The Fifth Way is based on the guidedness of things. For we see that some things that lack intelligence (i.e., material objects in nature) act for the sake of an end. This is clear from the fact that they always, or usually, act in the same way so as to achieve what is best (and therefore tend to a goal and do not reach it by chance). But things lacking intelligence tend to a goal only as directed by one with knowledge and understanding. Arrows, for instance, need archers. So, there is a being with intelligence who directs all natural things to ends, and we call this being “God.”40


Here note:


(a) Some people have argued that the world contains designed objects that demand explanation with reference to a celestial designer not itself part of the world. An especially famous example of someone thinking along these lines is William Paley (1743–1805). In Natural Theology, he compares various naturally occurring things to watches while arguing that they are made up of parts that seem put together to achieve a definite result. “Every indication of contrivance” and “every manifestation of design” that can be found in a watch, he says, “exists in the works of nature; with the difference, on the side of nature, of being greater and more.”41 Though some readers of it seem to have thought otherwise, however, the Fifth Way is not an “argument from design” in Paley’s sense. It does not appeal to vast cosmic evidence of design not produced by any human being while produced by a nonhuman designer. Nor is it saying that the world is a single, huge designed object. Rather, it is noting that some, and only some, things in the world “act for the sake of an end.” Aquinas is saying that, forgetting about anything we might know about human behavior, there are some things in the world that can be thought of as goal-directed in their activity, and his argument is that the goal-directed activity of these things has to be due to a directing (nonhuman) intelligence of some kind.

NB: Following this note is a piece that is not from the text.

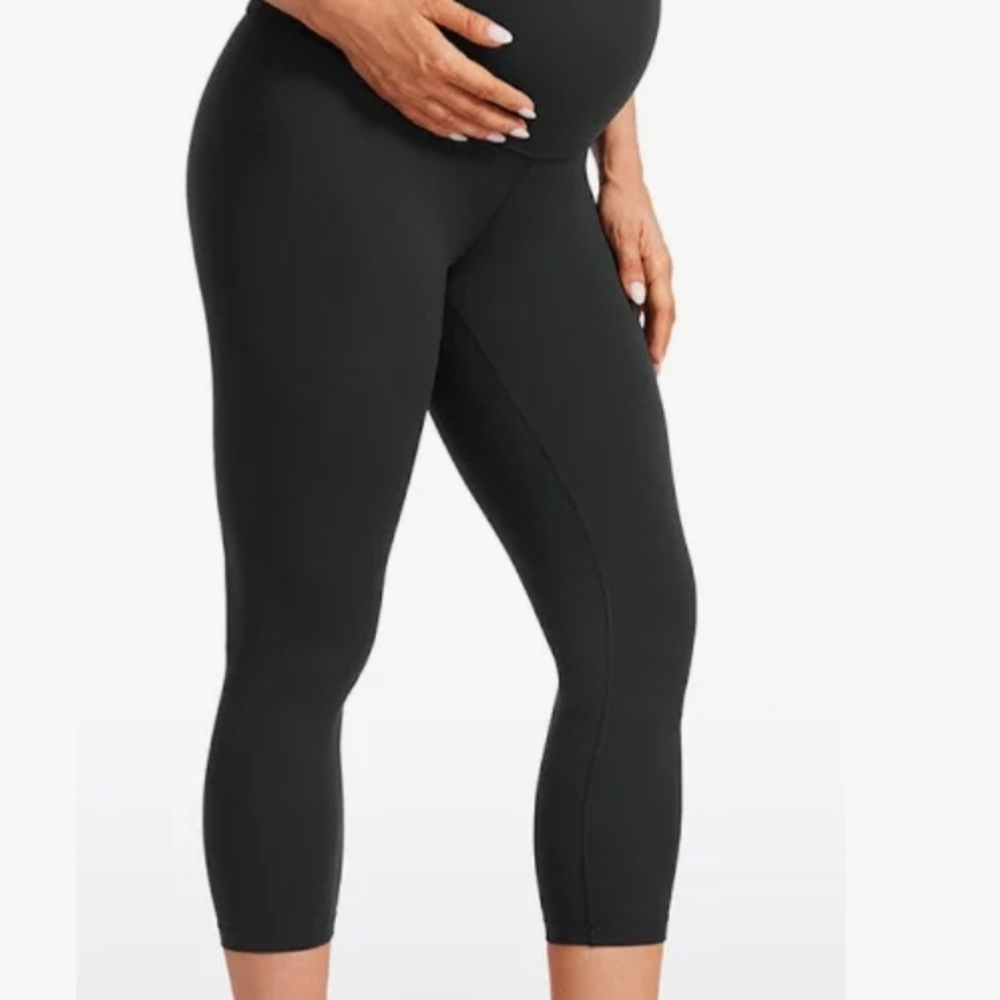 CRZ Yoga Black Maternity Leggings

(b) Why does Aquinas say that certain things “act for the sake of an end”? The answer to this question can be found in his claim that some things that lack intelligence “always, or usually, act in the same way so as to achieve what is best” without doing so “by chance.” Aquinas believes that chance events occur since (as he says in 1a,116 and 2a2ae,95,5) an event might have no single cause accounting for just that event. My happening to be killed by the branch of a tree that falls on me as a gust of wind strikes it just as I pass under it would, for Aquinas, be an instance of a chance event. But what about the fact that female cats regularly and instinctively suckle their newborn kittens and thereby help them to become healthy cats? Or what about the fact that my heart regularly functions so as to circulate my blood and, accordingly, keep me alive? These are the kinds of examples that Aquinas seems to be thinking of in the Fifth Way. In instances like these, he perceives goal-directed activity, but not activity that is goal-directed because a human being is at work.


(c) When we seek to account for what we encounter, thinks Aquinas (and if we read him as though he were speaking English), we are always looking for an account that begins with the word “because,” as in “This can be accounted for because of that.” In other words, we are looking for causes most of us these days would mean when referring to a cause. I presume that when we look for causes we are normally looking for what Aquinas calls an “agent” or “efficient” cause (as in “Who killed Fred?”). Following Aristotle, however, Aquinas says that there are four kinds of cause: efficient, material, formal, and final, and its final causality that is the focus of the Fifth Way. Although it concludes with reference to God as an agent cause, the Fifth Way is also much concerned with final causation in that it begins with the claim that there is goal-directed activity even on the part of things different from John in that they are not reasoning or thinking individuals. Such things, Aquinas holds, have goal-directed tendencies, albeit ones that are sometimes frustrated. In this sense, he thinks, there are non reasoning things that aim at certain goods, and, he maintains, such aiming is derivative from what has knowledge or understanding. Hence, the ex ample he uses of an arrow shot by an archer.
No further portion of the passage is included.